三陸沖で捕れたミンククジラの販売が好況であることが報じられた。
IWCからの脱退によって可能となった商業捕鯨は4月から始まったが、操業開始当初は鯨食の減少などから需要・販売に悲観的な見方が強かった。報道によれば、商業捕鯨では鯨肉の味と鮮度を保つ血抜きなどの作業が船上で行われるために、調査捕鯨時の鯨肉と比べ遥かに美味しくて新鮮な鯨肉が提供されているようである。調査捕鯨時にあっても近所のスーパーに鯨肉が並ぶことはめったになかったために遠くまで出かけて入手していたが、中国コロナのために其れも叶わぬ状況である。報道を見て「鯨肉通販 宮城県」と検索したがヒットせず、既存の通販サイトは所在地などから調査捕鯨時の貯蔵品ではないかとの疑心に駆られており、国内で流通する鯨肉が概ね商業捕鯨肉に置き換わったと推測できるまで、若しくは外出自粛が解除されるまで三陸クジラの賞味を辛抱することにした。自然保護論者は鯨食を「羅刹の所業」となじるが、人間が食物連鎖の頂点である限り致し方のないところと思う。

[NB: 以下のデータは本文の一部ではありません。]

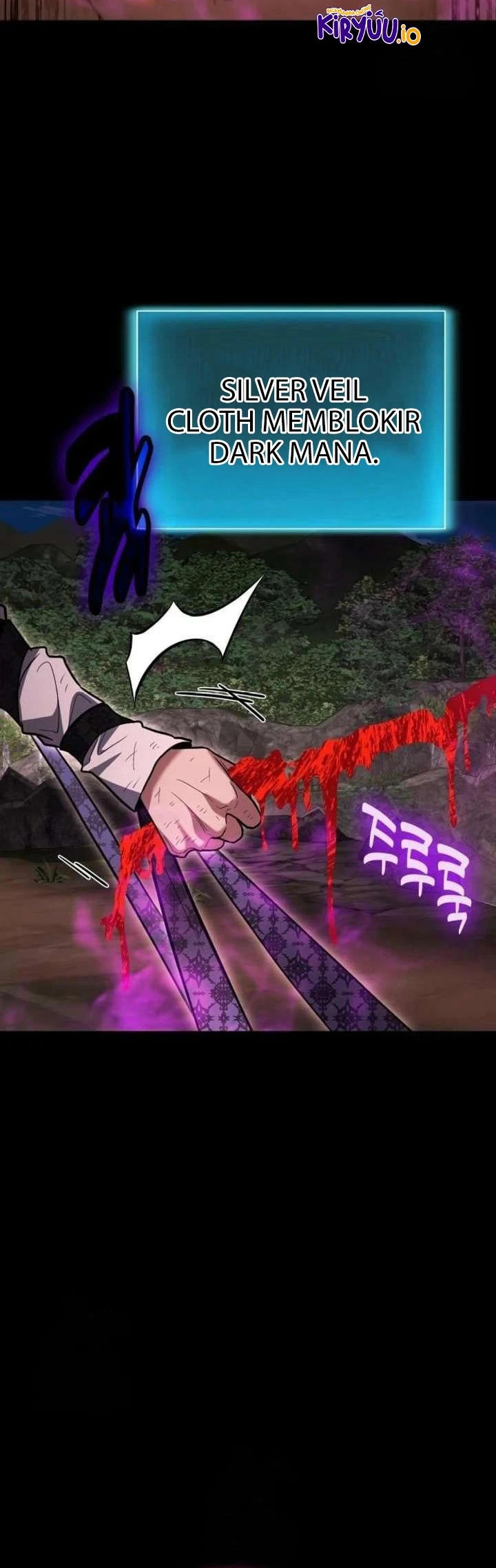 How to Live as an Illegal Healer Chapter 134 Gambar 24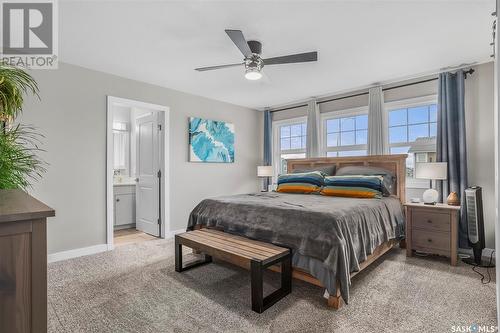 251 Eaton Crescent, Saskatoon, SK - Indoor Photo Showing Bedroom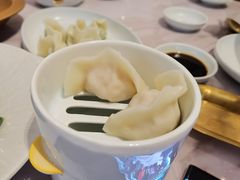原汁海胆水饺-喜鼎海胆水饺(平安金融中心店)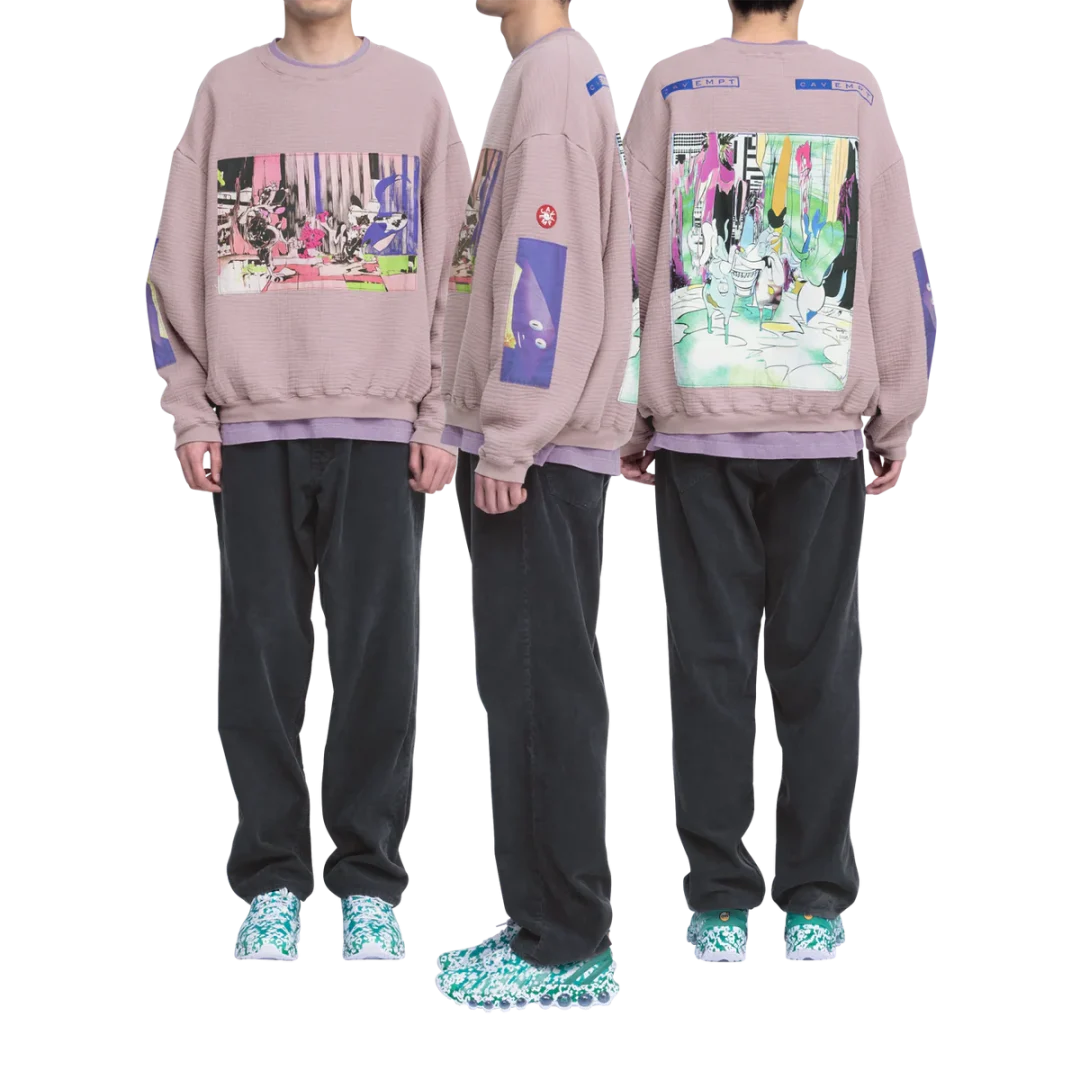 【2025 FW】C.E/CAVEMPT × NIKE AIR MAX DN8 (シーイー ナイキ エア マックス ディーエヌエイト)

しかしながら、この論を推し進めることはウィルスの宿主である野生動物食のために武漢海鮮市場を必要とした中国擁護ともなりかねないので当分黙っていることにしよう。筆(キーボード)に任せて鯨食を「羅刹の所業」と書いたが、「羅刹」の正体を知らないことに気付いたので勉強した。以下は、コトバンクに記載されている各種辞典を自分なりに統合編集したものであり、読まれる方は眉唾をお願いする。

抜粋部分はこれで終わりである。